Il ne paraît donc pas réaliste, à l'heure actuelle, de chercher à mettre en place un mécanisme de facturation systématique et exhaustif entre deux ministères qui, en dernière analyse, font tous deux partie du budget général de l'État.

2. ... le pilotage des frais de justice devrait associer d'une manière plus approfondie les deux ministères

Le pilotage des frais de justice étant assuré par le ministère de la justice, il est naturel que les instructions soient diffusées de manière plus aisée à l'intérieur de ce ministère, par l'intermédiaire des chefs de cour d'appel.

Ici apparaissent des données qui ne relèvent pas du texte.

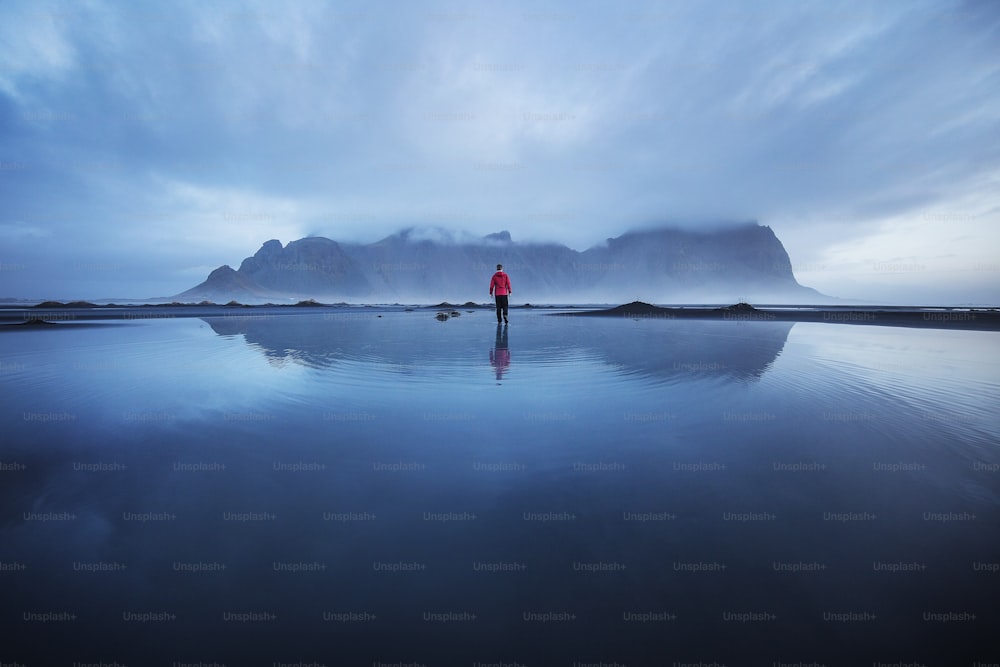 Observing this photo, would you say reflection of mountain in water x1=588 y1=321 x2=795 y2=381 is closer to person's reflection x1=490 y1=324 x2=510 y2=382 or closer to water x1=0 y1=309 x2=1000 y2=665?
water x1=0 y1=309 x2=1000 y2=665

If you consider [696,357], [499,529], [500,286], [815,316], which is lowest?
[499,529]

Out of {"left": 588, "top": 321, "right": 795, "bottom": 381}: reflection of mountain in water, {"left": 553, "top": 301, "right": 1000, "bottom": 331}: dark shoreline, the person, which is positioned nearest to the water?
{"left": 588, "top": 321, "right": 795, "bottom": 381}: reflection of mountain in water

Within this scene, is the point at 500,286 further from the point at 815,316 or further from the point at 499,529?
the point at 815,316

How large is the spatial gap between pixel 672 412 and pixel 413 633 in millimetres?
4967

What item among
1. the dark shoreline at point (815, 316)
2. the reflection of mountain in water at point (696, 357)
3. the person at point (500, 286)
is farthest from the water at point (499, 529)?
the dark shoreline at point (815, 316)

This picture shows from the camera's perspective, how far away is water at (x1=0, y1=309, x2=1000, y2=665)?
7.06ft

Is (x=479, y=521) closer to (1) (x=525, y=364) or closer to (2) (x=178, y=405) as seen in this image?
(2) (x=178, y=405)

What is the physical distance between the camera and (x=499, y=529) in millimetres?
3041

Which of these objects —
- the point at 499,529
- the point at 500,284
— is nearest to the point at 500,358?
the point at 499,529

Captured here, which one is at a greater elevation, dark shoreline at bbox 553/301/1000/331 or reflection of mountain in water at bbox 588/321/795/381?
dark shoreline at bbox 553/301/1000/331

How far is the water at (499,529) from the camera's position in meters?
2.15

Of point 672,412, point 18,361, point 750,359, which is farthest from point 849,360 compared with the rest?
point 18,361

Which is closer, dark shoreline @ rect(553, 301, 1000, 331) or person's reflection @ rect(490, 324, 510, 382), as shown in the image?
person's reflection @ rect(490, 324, 510, 382)

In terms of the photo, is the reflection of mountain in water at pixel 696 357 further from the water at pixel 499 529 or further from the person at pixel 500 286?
the person at pixel 500 286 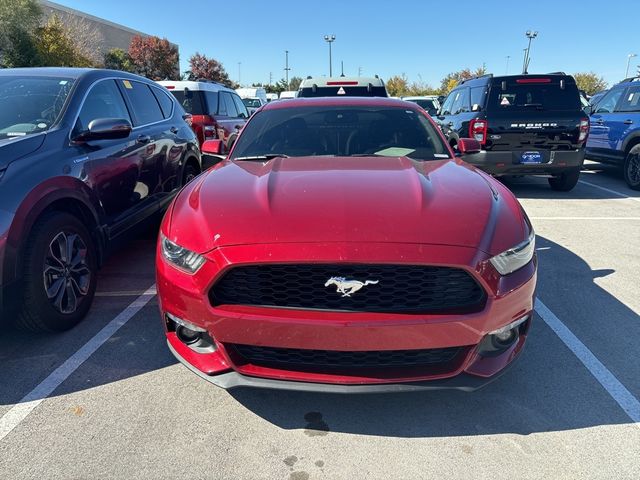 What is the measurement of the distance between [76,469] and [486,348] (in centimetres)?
194

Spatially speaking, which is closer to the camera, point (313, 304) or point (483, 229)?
point (313, 304)

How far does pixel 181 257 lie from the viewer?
2305mm

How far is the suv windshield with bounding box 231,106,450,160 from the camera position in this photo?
3.60 m

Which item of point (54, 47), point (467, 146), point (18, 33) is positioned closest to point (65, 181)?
point (467, 146)

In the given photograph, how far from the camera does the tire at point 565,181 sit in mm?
8148

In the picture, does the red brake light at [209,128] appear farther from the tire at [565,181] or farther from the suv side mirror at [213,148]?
the tire at [565,181]

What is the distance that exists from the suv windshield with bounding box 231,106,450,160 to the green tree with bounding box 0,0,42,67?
2716 centimetres

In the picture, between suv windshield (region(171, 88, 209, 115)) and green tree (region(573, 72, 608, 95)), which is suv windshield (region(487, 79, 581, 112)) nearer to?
suv windshield (region(171, 88, 209, 115))

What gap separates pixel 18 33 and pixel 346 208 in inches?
1206

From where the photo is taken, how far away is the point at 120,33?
50.2 metres

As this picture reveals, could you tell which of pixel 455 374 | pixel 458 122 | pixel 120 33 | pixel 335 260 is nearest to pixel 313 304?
pixel 335 260

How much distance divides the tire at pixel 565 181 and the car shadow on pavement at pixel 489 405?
583 cm

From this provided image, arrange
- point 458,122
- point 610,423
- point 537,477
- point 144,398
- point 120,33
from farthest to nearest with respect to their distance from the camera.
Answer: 1. point 120,33
2. point 458,122
3. point 144,398
4. point 610,423
5. point 537,477

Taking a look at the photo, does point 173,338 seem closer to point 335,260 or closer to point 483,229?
point 335,260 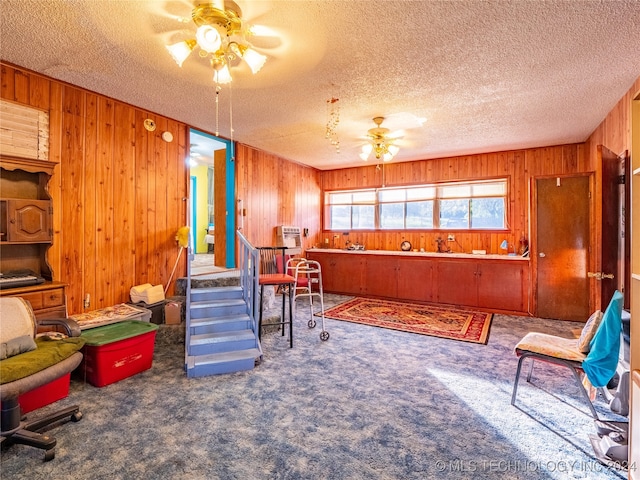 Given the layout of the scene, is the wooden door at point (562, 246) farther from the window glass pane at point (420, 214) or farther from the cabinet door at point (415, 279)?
the window glass pane at point (420, 214)

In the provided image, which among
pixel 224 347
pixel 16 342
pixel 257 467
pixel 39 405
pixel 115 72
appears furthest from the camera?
pixel 224 347

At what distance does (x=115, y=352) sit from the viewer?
8.99 ft

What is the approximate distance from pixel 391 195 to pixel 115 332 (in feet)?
17.4

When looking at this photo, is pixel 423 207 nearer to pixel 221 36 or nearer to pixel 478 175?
pixel 478 175

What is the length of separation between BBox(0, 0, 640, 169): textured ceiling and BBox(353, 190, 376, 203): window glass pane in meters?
2.67

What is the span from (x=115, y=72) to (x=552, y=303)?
606 cm

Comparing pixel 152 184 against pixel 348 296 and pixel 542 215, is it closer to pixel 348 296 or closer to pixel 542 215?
pixel 348 296

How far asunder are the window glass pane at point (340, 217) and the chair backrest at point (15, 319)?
559 centimetres

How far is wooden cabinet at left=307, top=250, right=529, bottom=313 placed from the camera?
16.7 ft

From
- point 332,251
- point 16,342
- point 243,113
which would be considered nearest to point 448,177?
point 332,251

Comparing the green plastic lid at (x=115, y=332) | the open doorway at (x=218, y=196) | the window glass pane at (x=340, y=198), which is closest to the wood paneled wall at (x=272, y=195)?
the open doorway at (x=218, y=196)

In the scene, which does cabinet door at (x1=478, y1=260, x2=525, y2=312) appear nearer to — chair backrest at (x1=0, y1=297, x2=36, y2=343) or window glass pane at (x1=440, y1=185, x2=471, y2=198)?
window glass pane at (x1=440, y1=185, x2=471, y2=198)

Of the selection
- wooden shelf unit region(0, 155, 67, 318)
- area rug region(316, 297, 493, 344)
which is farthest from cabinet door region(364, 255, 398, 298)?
wooden shelf unit region(0, 155, 67, 318)

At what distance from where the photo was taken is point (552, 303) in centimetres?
480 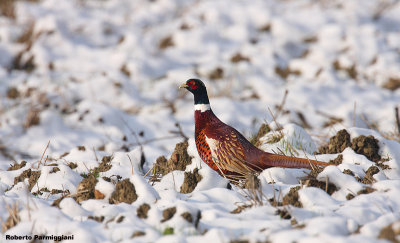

Si des chargés de mission et des contrôleurs de gestion, en cours de déploiement, assurent le contrôle et la coordination de cette action dans le ministère de la justice, le lien paraît plus distant avec le ministère de l'intérieur, et en particulier avec les enquêteurs sur le terrain, malgré la volonté clairement affirmée au niveau des directions des deux ministères.

Le dialogue entamé au niveau des comités stratégiques entre les directions des deux ministères devrait donc se décliner au niveau des juridictions et des services de police judiciaire. Un moyen d'y parvenir serait de mettre en place des référents frais de justice dans les services de la police judicaire, aussi bien au sein de la police nationale que de la gendarmerie nationale, au même niveau géographique que les juridictions (département, région).

Ces référents, en lien direct avec la juridiction, seraient destinataires des instructions, diffusées par leur direction nationale, mais aussi des informations et analyses conduites par les juridictions. Leur rôle serait de les diffuser auprès des enquêteurs et des services locaux, mais aussi de leur apporter des réponses. Face aux juridictions, ils pourraient aider à analyser l'évolution des coûts sur certains segments.

Recommandation : mettre en place un réseau de référents « frais de justice » dans les services de police judiciaire, chargés de faire le lien entre les informations apportées par le ministère de la justice, les instructions émanant du ministère de l'intérieur et les enquêteurs.


* 55 Articles 12 et 13 du code de procédure pénale.

* 56 Cour des comptes, Les frais de justice depuis 2011, communication à la commission des finances, de l'économie générale et du contrôle budgétaire de l'Assemblée nationale, septembre 2014.

* 57 Article L. 813-5 du code de l'entrée et du séjour des étrangers et du droit d'asile.

* 58 Ce coût est toutefois limité, puisque le SNPS l'estime à 131 500 euros par an pour les cinq laboratoires du SNPS.